- _Exercise requirements_: Beginning with the line containing "Floral print long trousers - Image 5", write out each line exactly through the end of the listing, and skip all pictures.

- _Recorded information_:
______
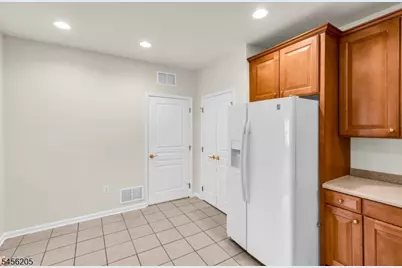 7110 Westover Way #7110, Franklin Township, NJ 08873 - Photo 24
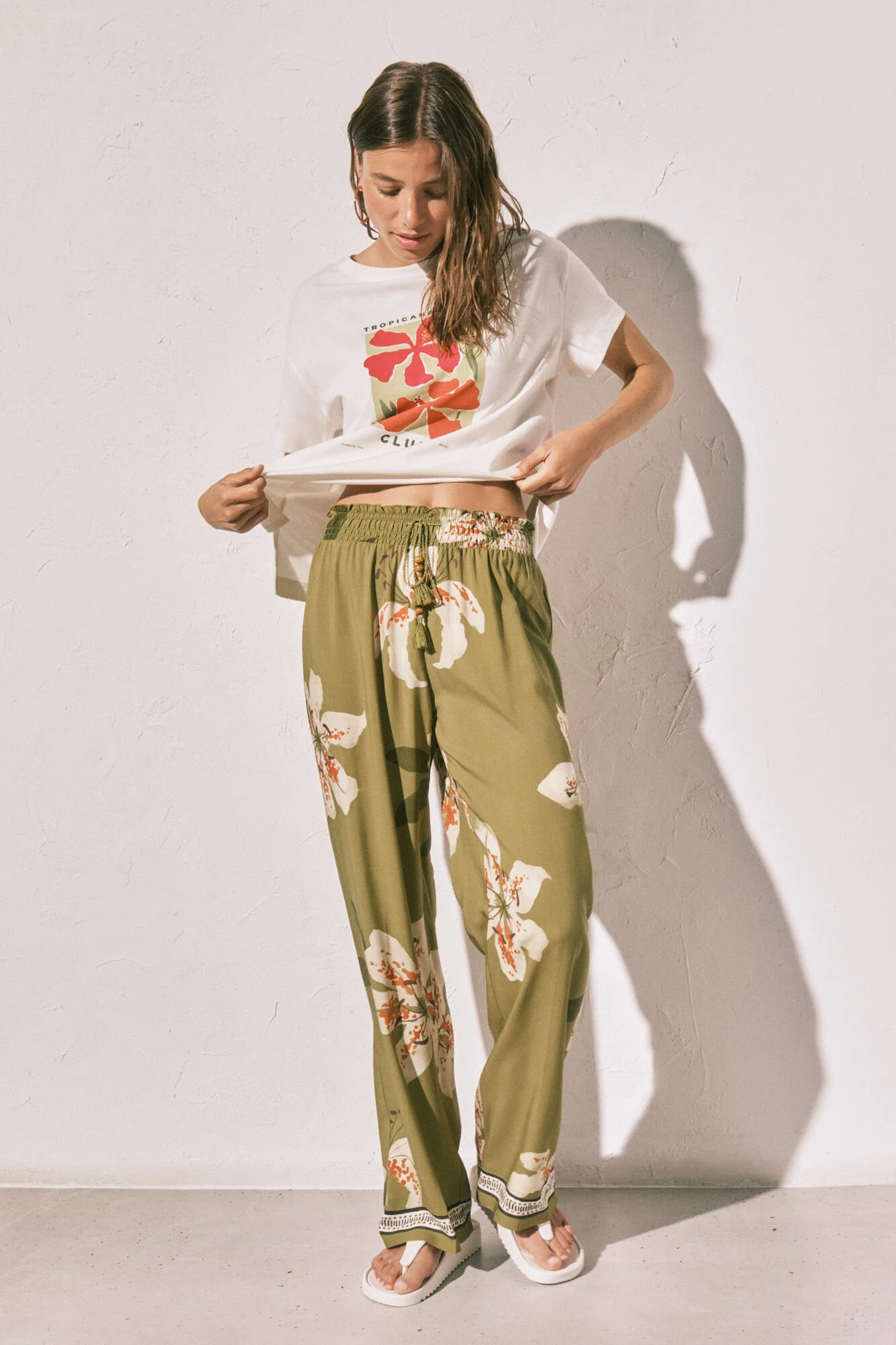 Floral print long trousers - Image 5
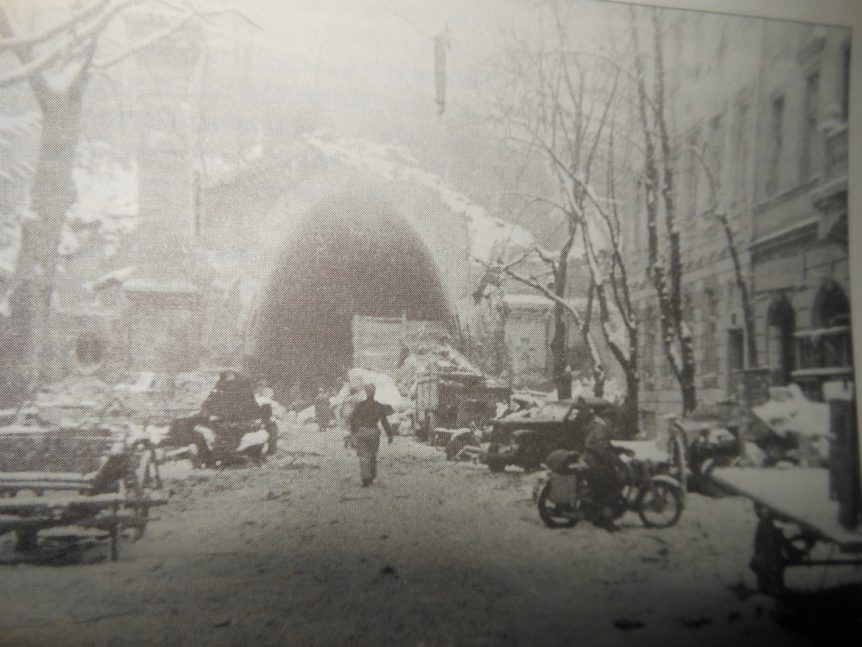 Oude foto van de Alagut Utca in de oorlog.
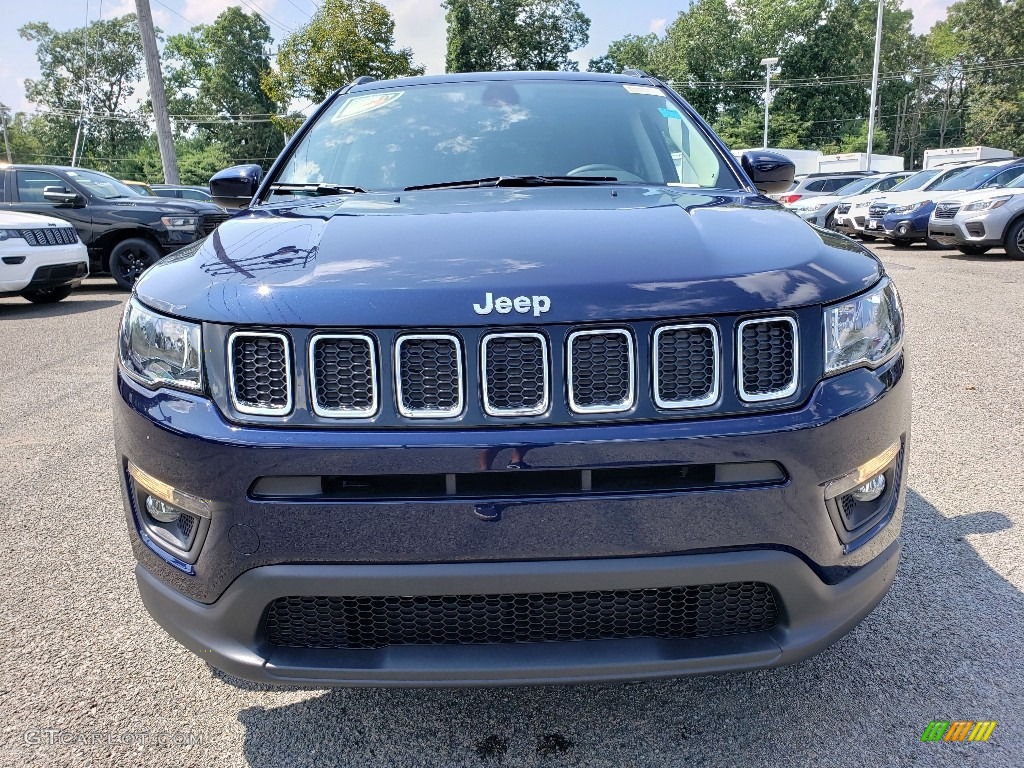 2019 Compass Latitude 4x4 - Jazz Blue Pearl / Black photo #2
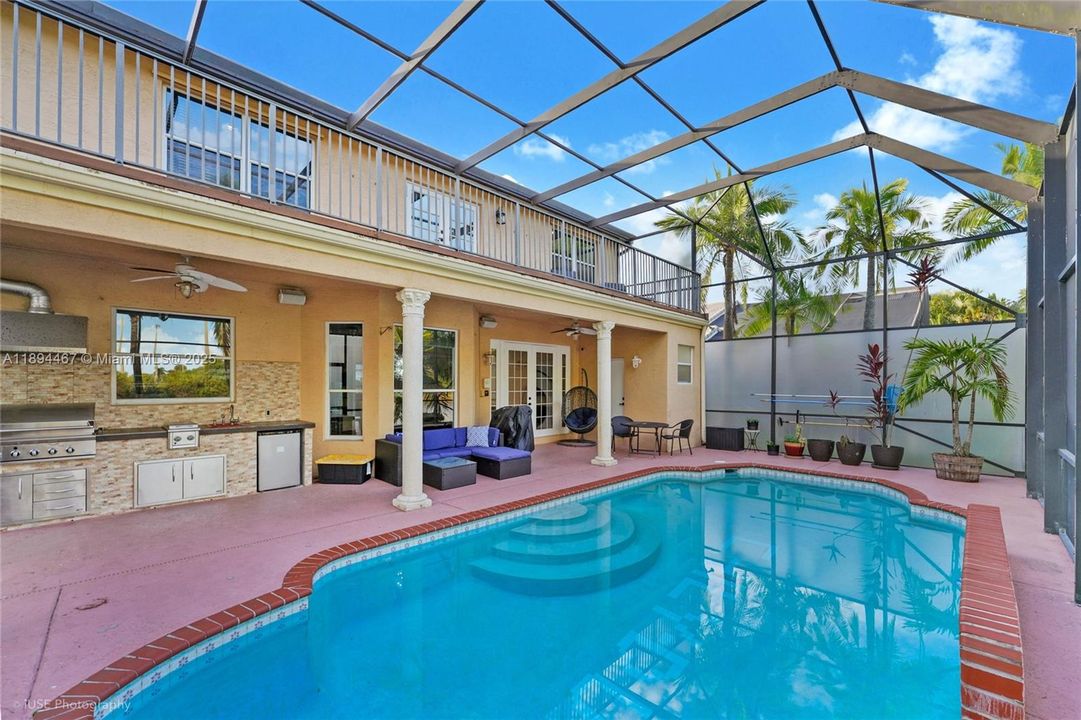 На продажу: $1,100,000 (4 спален, 3 ванн, 3407 Квадратных фут)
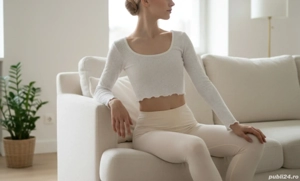 Top scurt Bershka marimea S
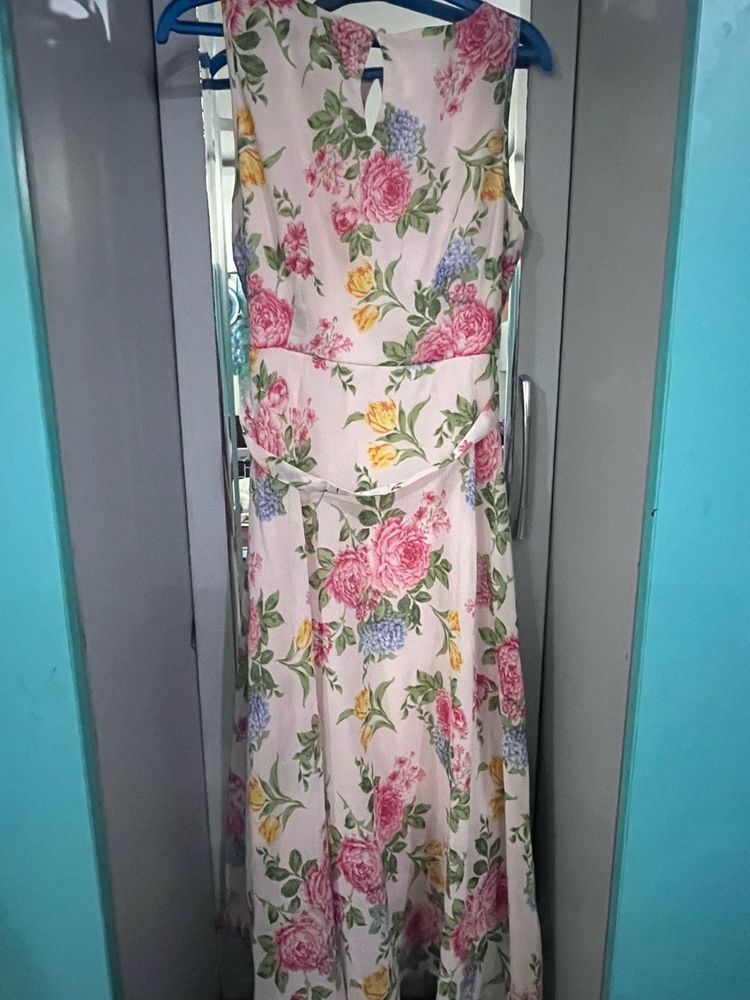 Floral Print Sleeveless Midi Dress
______
- _Your solution_:
 Floral print long trousers - Image 5
 Oude foto van de Alagut Utca in de oorlog.
 2019 Compass Latitude 4x4 - Jazz Blue Pearl / Black photo #2
 На продажу: $1,100,000 (4 спален, 3 ванн, 3407 Квадратных фут)
 Top scurt Bershka marimea S
 Floral Print Sleeveless Midi Dress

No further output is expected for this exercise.